SICP - Solution: Exercise 1.6

September 28, 2018

Exercise 1.6 #

Alyssa P. Hacker doesn’t see why if needs to be provided as a special form. “Why can’t I just define it as an ordinary procedure in terms of cond?” she asks. Alyssa’s friend Eva Lu Ator claims this can indeed be done, and she defines a new version of if:

(define (new-if predicate
                then-clause
                else-clause)
  (cond (predicate then-clause)
        (else else-clause)))

Eva demonstrates the program for Alyssa:

(new-if (= 2 3) 0 5)
5

(new-if (= 1 1) 0 5)
0

Delighted, Alyssa uses new-if to rewrite the square-root program:

(define (sqrt-iter guess x)
  (new-if (good-enough? guess x)
          guess
          (sqrt-iter (improve guess x) x)))

What happens when Alyssa attempts to use this to compute square roots? Explain.

Solution #

Since new-if is a function, and not a special form, each parameter subexpression will be evaluated before the procedure is applied. It means that when executing the sqrt-iter function, (good-enough? guess x), guess and (sqrt-iter (improve guess x) x) will always be evaluated before new-if is applied, whatever (good-enough? guess x) evaluates to.

Since the second alternative (sqrt-iter (improve guess x) x) is calling the function recursively, the function will be stuck in an infinite loop.

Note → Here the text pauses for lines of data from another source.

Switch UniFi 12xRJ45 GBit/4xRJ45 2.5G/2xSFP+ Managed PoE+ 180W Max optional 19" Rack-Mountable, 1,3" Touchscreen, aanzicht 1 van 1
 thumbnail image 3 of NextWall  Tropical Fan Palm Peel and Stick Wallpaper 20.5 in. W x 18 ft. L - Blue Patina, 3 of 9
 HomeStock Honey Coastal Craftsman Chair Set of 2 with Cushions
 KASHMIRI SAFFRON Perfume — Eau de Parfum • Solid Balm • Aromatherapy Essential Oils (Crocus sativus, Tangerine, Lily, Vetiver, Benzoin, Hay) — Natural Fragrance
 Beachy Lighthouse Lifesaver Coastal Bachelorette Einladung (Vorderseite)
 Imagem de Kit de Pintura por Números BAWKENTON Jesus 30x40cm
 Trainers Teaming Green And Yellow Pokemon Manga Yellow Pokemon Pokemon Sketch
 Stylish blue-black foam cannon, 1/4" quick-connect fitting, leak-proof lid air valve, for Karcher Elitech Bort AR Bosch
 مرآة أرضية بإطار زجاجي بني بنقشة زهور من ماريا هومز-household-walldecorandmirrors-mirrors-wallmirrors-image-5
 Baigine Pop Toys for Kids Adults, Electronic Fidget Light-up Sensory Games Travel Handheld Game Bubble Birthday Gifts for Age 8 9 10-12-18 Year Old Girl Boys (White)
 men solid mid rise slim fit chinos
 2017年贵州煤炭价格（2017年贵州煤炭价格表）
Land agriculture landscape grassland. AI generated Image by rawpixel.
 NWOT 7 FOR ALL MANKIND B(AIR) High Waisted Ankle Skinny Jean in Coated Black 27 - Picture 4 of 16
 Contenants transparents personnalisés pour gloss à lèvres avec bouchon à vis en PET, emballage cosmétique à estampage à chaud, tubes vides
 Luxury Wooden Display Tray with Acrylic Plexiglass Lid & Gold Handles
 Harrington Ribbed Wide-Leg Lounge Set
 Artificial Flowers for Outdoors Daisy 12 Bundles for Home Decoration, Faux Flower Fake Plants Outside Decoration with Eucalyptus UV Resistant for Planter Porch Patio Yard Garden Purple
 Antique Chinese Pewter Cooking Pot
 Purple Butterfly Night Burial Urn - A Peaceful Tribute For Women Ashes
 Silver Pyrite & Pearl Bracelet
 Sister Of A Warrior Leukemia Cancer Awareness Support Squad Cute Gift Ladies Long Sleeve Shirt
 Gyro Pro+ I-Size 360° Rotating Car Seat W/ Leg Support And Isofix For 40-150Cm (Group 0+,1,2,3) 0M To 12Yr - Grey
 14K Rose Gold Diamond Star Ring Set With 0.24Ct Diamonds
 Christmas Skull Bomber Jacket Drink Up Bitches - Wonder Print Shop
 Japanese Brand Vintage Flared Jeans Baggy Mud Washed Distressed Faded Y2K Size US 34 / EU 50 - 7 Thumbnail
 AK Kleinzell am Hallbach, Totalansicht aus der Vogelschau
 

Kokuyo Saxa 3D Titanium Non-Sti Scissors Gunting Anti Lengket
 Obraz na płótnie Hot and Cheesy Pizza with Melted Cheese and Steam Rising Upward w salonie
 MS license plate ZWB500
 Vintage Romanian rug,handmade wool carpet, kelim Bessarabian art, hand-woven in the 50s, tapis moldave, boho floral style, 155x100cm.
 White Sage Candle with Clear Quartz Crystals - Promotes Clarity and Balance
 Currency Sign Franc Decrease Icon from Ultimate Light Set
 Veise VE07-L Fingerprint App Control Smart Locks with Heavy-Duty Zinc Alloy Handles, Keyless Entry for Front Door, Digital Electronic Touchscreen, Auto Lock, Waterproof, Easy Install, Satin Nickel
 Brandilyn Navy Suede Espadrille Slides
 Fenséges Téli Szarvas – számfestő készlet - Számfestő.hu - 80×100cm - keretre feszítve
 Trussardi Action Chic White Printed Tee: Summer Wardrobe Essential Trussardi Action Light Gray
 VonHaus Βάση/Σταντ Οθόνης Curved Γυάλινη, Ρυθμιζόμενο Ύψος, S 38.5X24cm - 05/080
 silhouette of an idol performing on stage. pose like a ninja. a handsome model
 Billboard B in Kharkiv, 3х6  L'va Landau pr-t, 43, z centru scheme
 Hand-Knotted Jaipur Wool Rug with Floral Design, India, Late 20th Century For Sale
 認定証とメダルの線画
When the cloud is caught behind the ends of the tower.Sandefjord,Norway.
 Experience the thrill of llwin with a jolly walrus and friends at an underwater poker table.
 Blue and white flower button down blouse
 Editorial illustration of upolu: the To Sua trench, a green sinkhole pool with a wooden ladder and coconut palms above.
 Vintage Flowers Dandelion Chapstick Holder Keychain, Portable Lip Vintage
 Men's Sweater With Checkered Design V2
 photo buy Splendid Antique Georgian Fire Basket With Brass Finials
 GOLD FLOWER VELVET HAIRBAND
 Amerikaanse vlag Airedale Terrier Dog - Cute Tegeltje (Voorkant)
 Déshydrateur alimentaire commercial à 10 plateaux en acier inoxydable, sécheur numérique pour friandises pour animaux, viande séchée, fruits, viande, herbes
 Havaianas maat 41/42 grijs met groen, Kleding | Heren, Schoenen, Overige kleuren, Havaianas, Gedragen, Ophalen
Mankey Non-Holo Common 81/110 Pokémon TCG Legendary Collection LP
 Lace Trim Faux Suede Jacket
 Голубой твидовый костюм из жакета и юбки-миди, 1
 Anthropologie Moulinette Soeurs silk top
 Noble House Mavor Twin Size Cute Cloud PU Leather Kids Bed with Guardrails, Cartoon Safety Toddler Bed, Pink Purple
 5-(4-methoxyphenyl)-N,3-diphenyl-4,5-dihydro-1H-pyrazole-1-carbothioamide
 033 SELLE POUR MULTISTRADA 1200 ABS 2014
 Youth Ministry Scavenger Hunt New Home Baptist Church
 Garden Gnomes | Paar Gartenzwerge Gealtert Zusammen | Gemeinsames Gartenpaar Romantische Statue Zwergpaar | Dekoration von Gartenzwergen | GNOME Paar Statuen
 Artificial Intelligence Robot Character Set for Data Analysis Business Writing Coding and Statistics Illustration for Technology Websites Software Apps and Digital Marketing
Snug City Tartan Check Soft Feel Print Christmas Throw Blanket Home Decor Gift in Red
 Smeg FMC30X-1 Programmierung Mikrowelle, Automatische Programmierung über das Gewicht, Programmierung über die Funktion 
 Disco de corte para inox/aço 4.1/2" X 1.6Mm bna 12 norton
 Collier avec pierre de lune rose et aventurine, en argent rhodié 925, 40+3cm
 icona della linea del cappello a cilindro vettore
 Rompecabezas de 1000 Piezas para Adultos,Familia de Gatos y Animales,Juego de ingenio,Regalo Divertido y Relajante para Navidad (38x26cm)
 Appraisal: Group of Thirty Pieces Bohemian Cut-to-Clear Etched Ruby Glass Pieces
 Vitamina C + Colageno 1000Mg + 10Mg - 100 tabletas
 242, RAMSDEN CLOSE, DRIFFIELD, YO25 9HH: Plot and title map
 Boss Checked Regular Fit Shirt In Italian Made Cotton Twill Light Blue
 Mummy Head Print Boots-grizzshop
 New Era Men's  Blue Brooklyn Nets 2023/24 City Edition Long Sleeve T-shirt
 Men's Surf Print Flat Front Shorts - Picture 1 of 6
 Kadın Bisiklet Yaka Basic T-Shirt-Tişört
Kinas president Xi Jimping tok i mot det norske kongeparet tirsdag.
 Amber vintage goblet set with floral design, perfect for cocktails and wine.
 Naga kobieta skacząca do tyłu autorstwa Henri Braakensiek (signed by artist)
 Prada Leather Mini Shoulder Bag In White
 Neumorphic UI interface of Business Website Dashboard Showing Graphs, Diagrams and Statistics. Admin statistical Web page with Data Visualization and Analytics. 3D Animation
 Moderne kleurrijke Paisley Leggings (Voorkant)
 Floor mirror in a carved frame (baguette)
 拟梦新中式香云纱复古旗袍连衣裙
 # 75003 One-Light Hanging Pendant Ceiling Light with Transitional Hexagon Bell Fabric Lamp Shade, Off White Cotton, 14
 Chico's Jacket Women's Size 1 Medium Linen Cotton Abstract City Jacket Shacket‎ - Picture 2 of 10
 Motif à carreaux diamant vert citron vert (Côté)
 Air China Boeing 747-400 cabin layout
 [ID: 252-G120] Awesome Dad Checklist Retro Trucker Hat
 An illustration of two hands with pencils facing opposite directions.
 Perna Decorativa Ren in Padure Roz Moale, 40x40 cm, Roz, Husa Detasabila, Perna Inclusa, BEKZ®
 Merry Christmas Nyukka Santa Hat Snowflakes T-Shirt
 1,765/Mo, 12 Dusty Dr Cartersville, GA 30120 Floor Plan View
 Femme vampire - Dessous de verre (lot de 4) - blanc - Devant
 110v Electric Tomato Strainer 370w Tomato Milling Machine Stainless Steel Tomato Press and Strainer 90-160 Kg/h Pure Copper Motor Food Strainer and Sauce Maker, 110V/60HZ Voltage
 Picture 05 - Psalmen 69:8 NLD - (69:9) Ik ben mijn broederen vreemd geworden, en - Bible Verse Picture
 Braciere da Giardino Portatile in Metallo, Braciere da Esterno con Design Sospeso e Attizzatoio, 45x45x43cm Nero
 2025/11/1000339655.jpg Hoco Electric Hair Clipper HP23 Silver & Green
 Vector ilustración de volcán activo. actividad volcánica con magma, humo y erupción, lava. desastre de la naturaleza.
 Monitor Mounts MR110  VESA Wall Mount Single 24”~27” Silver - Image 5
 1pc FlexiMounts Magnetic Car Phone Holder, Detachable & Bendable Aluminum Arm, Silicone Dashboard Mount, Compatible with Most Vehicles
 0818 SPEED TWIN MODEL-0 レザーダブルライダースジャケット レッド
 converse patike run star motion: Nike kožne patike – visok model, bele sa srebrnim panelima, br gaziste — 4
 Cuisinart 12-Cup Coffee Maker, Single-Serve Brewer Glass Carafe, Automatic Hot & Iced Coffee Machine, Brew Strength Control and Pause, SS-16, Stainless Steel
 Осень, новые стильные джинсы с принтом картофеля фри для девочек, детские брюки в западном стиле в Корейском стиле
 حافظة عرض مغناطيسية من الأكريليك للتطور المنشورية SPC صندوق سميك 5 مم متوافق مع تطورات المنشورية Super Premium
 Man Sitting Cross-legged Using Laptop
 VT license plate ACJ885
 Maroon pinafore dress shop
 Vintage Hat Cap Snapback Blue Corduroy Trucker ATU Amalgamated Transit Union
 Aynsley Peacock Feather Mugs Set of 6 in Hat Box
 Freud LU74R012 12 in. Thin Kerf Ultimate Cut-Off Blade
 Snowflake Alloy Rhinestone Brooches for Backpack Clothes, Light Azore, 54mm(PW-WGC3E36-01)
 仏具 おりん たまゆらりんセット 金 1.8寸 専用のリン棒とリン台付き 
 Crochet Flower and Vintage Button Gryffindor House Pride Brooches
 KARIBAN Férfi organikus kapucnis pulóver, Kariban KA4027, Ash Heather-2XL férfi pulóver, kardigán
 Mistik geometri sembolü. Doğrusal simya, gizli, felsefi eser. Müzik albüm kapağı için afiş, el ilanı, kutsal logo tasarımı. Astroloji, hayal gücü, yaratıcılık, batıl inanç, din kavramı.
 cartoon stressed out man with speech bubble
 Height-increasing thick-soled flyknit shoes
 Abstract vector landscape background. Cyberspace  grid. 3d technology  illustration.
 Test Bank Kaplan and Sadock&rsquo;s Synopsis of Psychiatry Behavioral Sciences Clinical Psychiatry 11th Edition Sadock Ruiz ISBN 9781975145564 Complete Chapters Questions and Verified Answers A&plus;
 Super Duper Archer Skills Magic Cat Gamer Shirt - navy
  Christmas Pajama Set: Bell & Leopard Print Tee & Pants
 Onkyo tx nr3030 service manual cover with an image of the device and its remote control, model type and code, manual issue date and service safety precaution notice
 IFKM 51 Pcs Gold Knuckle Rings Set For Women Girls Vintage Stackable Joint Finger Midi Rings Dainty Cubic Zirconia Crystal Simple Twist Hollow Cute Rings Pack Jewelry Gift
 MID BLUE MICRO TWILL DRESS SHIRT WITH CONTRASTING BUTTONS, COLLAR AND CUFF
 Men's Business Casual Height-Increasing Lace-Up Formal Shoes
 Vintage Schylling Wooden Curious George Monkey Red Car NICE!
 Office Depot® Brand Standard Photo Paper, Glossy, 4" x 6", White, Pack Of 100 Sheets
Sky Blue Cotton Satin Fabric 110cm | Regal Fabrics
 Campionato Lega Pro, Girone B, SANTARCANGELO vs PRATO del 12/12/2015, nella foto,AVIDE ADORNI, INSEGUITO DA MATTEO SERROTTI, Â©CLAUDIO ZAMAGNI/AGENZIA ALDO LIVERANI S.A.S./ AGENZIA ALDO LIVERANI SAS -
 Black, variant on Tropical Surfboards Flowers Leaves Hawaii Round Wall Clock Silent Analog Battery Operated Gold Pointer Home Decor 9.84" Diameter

In this case, it is interesting to note that new-if will never be executed.

You can check by executing:

(define (new-if predicate then-clause else-clause)
  (cond (predicate then-clause)
        (else else-clause)))

(define (average x y) (/ (+ x y) 2))

(define (square x) (* x x))

(define (improve guess x) (average guess (/ x guess)))

(define (good-enough? guess x)
(< (abs (- (square guess) x)) 0.001))


(define (sqrt-iter guess x)
  (new-if (good-enough? guess x)
          guess
          (sqrt-iter (improve guess x) x)))


(sqrt-iter 1.0 4) ; Infinite loop